In hopes to highlight the last three decades of Colombian literature and film, Camilo Malagon, assistant professor in the Ithaca College Department of World Languages, Literatures, and Cultures, has published a dossier titled “Imaginarios culturales del presente en Colombia: nuevas perspectivas sobre la violencia en la producción cultural contemporánea,” meaning “Cultural imaginaries of the present in Colombia: new perspectives on violence in contemporary cultural production.”
The dossier is published in Volume 20, No. 1, of the journal, “A Contracorriente: una revista de estudios latinoamericanos,” translated as “A Contracorriente: A Journal of Latin American Studies.” The dossier includes seven articles that touch upon the impact of some of the recent cultural developments in Colombia, like the signing of the peace agreement between the Revolutionary Armed Forces of Colombia (FARC) and the Colombian government in 2016. Additionally, Malagon co-edited the dossier with Carlos Gardeazabal Bravo, assistant professor in the Department of Global Languages and Cultures at the University of Dayton in Dayton, Ohio, and Juanita Bernal Benavides, visiting assistant professor in the Department of Modern Languages and Literatures at Rhodes College in Memphis, Tennessee.

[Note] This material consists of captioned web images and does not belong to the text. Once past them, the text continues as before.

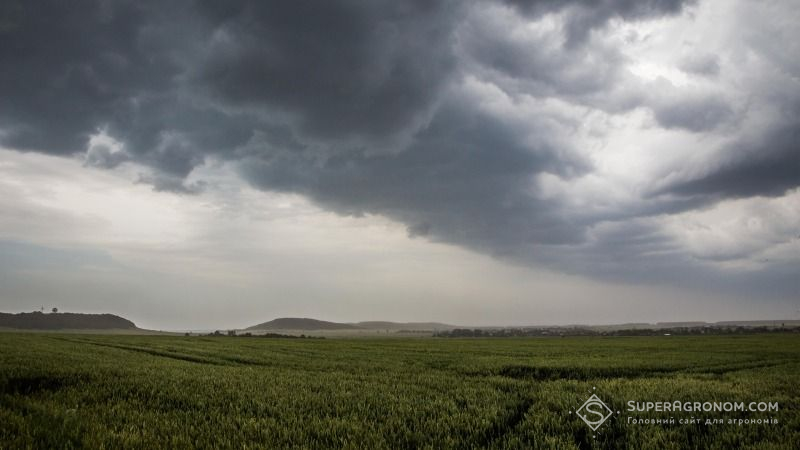 Град на Херсонщині: у якому стані посіви після негоди? 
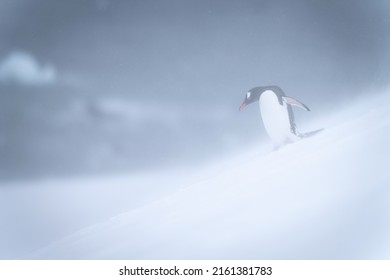 Gentoo Penguin Walks Down Slope In Snowstorm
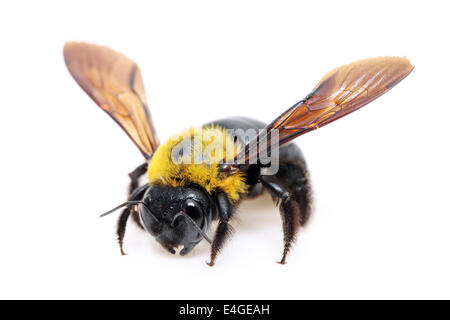 Carpenter bee Xylocopa pubescens on white background Stock Photo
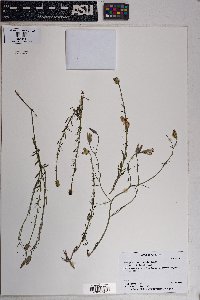 Porophyllum gracile image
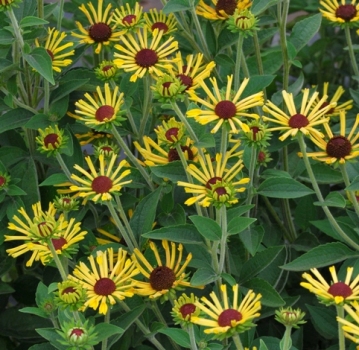 Little Henry Sweet Coneflower, Rudbeckia subtomentosa 'Little Henry'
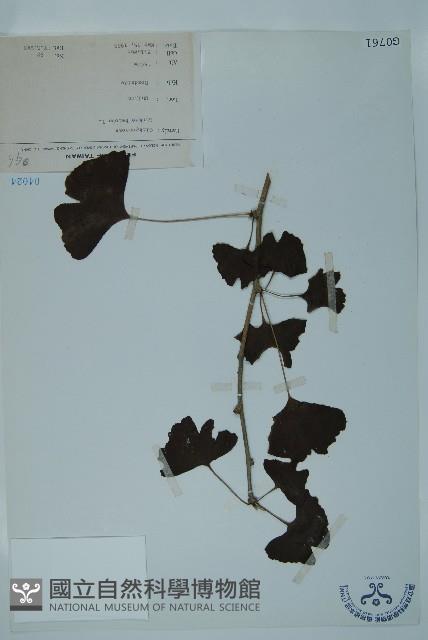 銀杏藏品圖，第1張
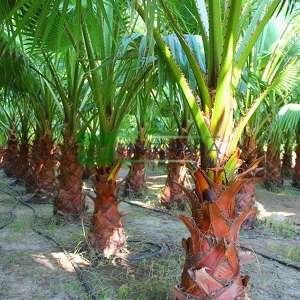 Meksika yelpaze palmiyesi - Washingtonia robusta (ARECACEAE)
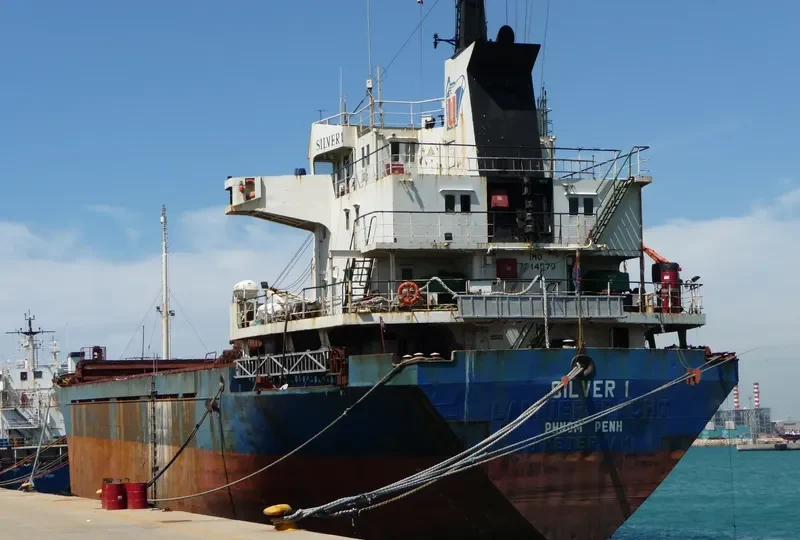 SILVER 1 General Cargo IMO 7514579 photo 6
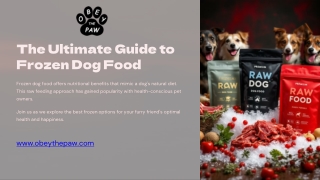 Keep Your Pup Healthy with the Best Frozen Dog Food!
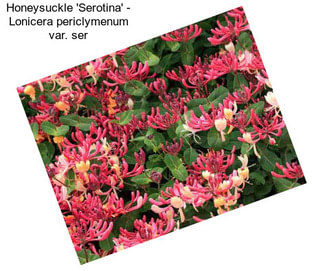 Honeysuckle \'Serotina\' - Lonicera periclymenum var. ser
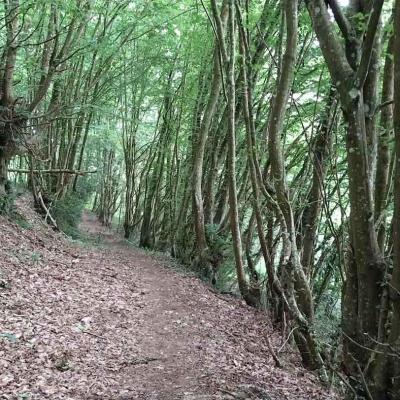 01/06/2025 Bretoncelles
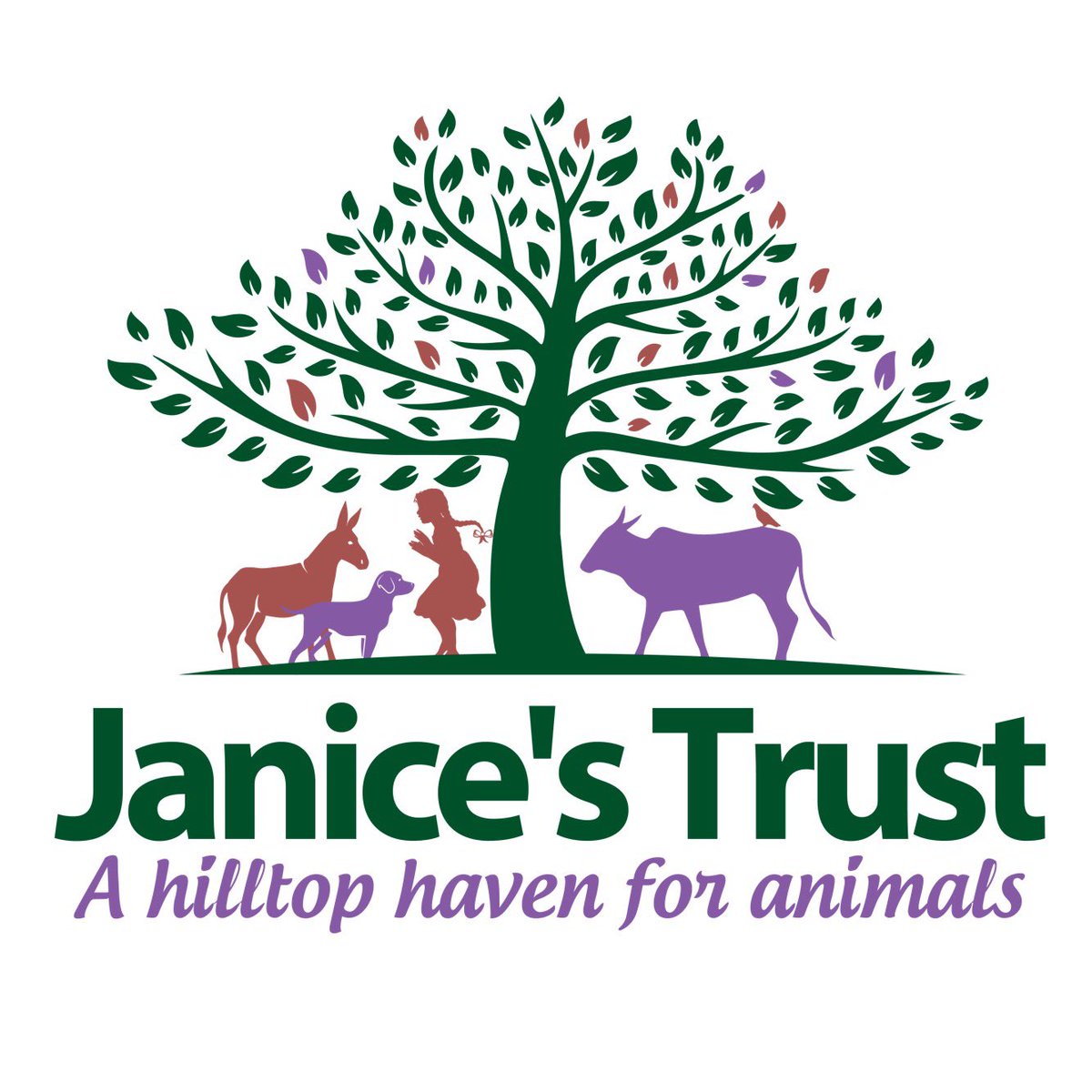 Food With Benefits tweet media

Staff writer Jadyn Davis spoke with Malagon about his experience working on this dossier and how it aims to educate people on some of the major moments in Colombian history.
This interview has been edited for length and clarity.
Jadyn Davis: What made you interested in working on this dossier?
Camilo Malagon: So academic journals have volumes or numbers and sometimes they have an editor or maybe a couple of editors. … So in our case, it was three friends who [have] been working … at the intersection of Colombia and contemporary Colombian cultural production. We write about literature and film and the discourses of how violence is represented in these cultural artifacts. We have been doing meetings or conferences where we presented work, and we had a few of those and then we decided, “Why don’t we turn some of this research into a dossier?”
JD: How was it working with Carlos Gardeazabal Bravo and Juanita Bernal Benavides?
CM: I would say they’re now sort of longtime collaborators. … They’re great scholars. … We’re all sort of at the same place in our careers. We graduated a few years ago from graduate school and now we’re working at colleges here in the U.S. So we’re sort of growing together, and it was great to kind of have an experience of relative scholars who are just a few years past graduate school. … We want to establish our voices in our field and we want to bring new perspectives to the work that we do.
JD: What do you hope people will take away from this dossier?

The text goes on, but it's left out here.